Start of Block

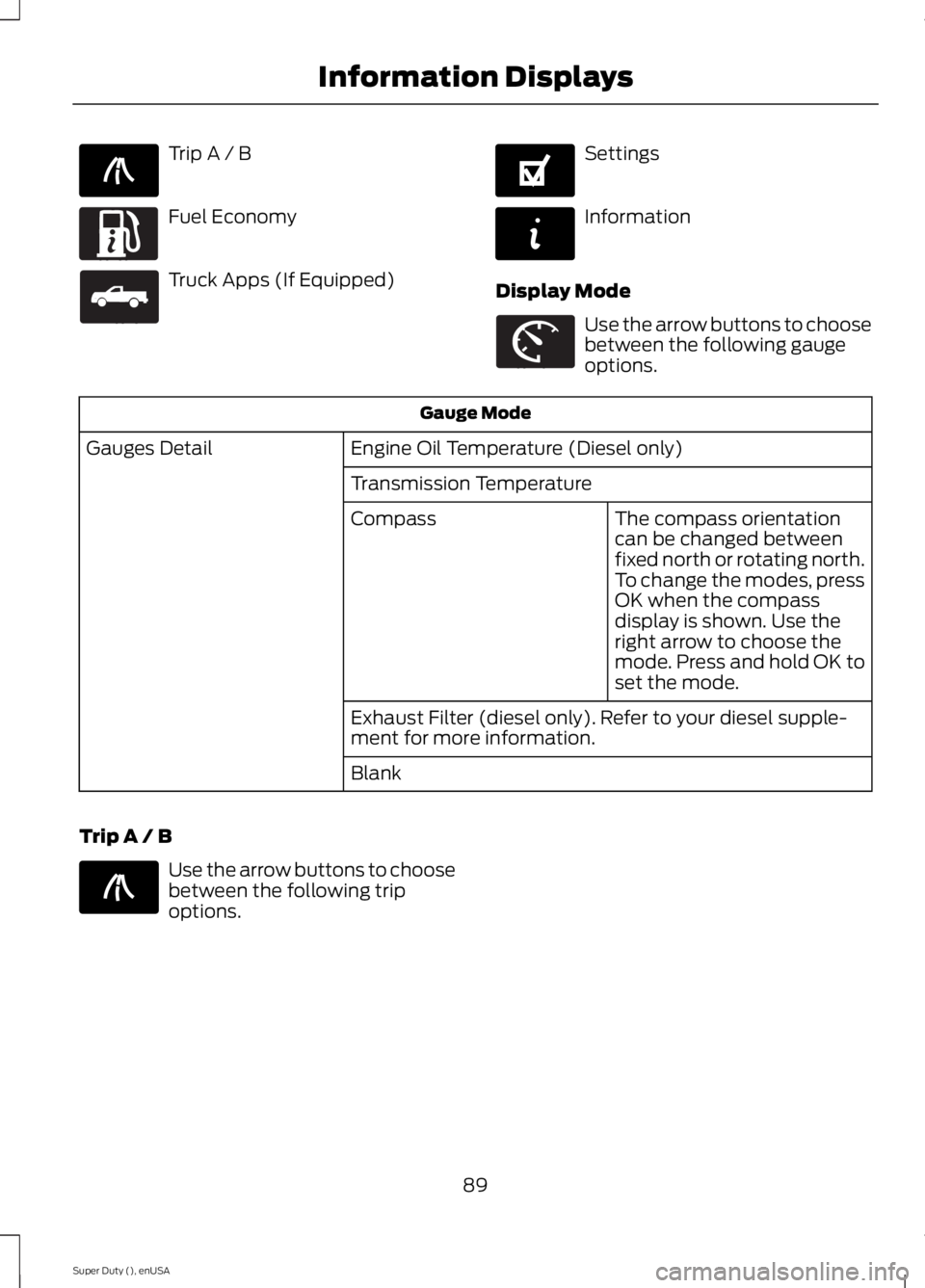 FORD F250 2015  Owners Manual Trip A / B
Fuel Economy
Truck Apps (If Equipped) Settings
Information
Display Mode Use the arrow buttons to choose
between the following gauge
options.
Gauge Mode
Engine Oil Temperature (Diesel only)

End of Block
Start of Block

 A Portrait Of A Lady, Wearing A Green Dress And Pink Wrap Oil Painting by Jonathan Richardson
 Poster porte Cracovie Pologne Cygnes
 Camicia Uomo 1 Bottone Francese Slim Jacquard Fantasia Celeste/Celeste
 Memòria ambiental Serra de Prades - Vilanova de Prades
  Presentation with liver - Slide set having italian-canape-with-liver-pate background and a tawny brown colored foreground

End of Block
Start of Block

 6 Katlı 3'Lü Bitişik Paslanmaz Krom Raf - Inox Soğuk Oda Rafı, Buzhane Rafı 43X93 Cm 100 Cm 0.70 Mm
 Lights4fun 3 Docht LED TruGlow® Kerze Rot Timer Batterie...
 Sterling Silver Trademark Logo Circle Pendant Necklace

End of Block

INSTRUCTIONS TO FOLLOW =>
Using the listing above, gather each line that holds the string "Mode" and copy it.

RESULT FOR THIS TASK =>
Display Mode Use the arrow buttons to choose
Gauge Mode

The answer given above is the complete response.